Problem to solve: Return verbatim every line from the first line of the data below to the line that contains "Una mujer compra", inclusive, and no further.

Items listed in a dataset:
▽
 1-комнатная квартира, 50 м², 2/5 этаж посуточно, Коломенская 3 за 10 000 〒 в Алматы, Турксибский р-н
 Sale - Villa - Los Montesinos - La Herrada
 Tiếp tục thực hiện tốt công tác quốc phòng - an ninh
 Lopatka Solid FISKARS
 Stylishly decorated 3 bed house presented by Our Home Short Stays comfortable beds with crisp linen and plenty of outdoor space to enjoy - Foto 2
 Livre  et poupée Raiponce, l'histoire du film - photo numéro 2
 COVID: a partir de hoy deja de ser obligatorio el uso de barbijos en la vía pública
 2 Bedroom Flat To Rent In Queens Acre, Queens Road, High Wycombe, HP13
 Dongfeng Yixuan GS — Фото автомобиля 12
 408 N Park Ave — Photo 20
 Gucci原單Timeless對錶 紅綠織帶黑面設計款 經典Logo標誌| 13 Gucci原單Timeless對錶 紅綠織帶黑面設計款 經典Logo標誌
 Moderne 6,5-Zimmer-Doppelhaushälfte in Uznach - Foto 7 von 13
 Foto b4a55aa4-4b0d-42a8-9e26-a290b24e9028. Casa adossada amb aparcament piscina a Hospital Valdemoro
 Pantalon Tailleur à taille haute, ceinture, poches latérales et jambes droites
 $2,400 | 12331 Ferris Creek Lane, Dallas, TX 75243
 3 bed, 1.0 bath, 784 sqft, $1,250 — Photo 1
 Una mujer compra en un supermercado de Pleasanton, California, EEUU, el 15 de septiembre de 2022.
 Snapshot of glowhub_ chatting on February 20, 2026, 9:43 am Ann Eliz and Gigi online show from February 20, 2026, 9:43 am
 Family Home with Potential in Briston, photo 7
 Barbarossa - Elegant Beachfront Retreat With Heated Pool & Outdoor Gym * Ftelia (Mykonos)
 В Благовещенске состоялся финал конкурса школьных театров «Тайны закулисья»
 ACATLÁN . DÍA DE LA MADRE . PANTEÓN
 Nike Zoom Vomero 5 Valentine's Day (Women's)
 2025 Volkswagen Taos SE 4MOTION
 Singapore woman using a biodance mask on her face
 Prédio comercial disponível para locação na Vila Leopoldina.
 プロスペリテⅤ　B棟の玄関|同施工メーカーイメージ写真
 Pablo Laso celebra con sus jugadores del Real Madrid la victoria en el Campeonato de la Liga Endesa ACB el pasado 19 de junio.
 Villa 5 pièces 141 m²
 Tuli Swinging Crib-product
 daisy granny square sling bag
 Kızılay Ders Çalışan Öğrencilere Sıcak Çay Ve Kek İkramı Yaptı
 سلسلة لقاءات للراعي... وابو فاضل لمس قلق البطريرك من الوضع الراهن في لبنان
△
Solution:
 1-комнатная квартира, 50 м², 2/5 этаж посуточно, Коломенская 3 за 10 000 〒 в Алматы, Турксибский р-н
 Sale - Villa - Los Montesinos - La Herrada
 Tiếp tục thực hiện tốt công tác quốc phòng - an ninh
 Lopatka Solid FISKARS
 Stylishly decorated 3 bed house presented by Our Home Short Stays comfortable beds with crisp linen and plenty of outdoor space to enjoy - Foto 2
 Livre  et poupée Raiponce, l'histoire du film - photo numéro 2
 COVID: a partir de hoy deja de ser obligatorio el uso de barbijos en la vía pública
 2 Bedroom Flat To Rent In Queens Acre, Queens Road, High Wycombe, HP13
 Dongfeng Yixuan GS — Фото автомобиля 12
 408 N Park Ave — Photo 20
 Gucci原單Timeless對錶 紅綠織帶黑面設計款 經典Logo標誌| 13 Gucci原單Timeless對錶 紅綠織帶黑面設計款 經典Logo標誌
 Moderne 6,5-Zimmer-Doppelhaushälfte in Uznach - Foto 7 von 13
 Foto b4a55aa4-4b0d-42a8-9e26-a290b24e9028. Casa adossada amb aparcament piscina a Hospital Valdemoro
 Pantalon Tailleur à taille haute, ceinture, poches latérales et jambes droites
 $2,400 | 12331 Ferris Creek Lane, Dallas, TX 75243
 3 bed, 1.0 bath, 784 sqft, $1,250 — Photo 1
 Una mujer compra en un supermercado de Pleasanton, California, EEUU, el 15 de septiembre de 2022.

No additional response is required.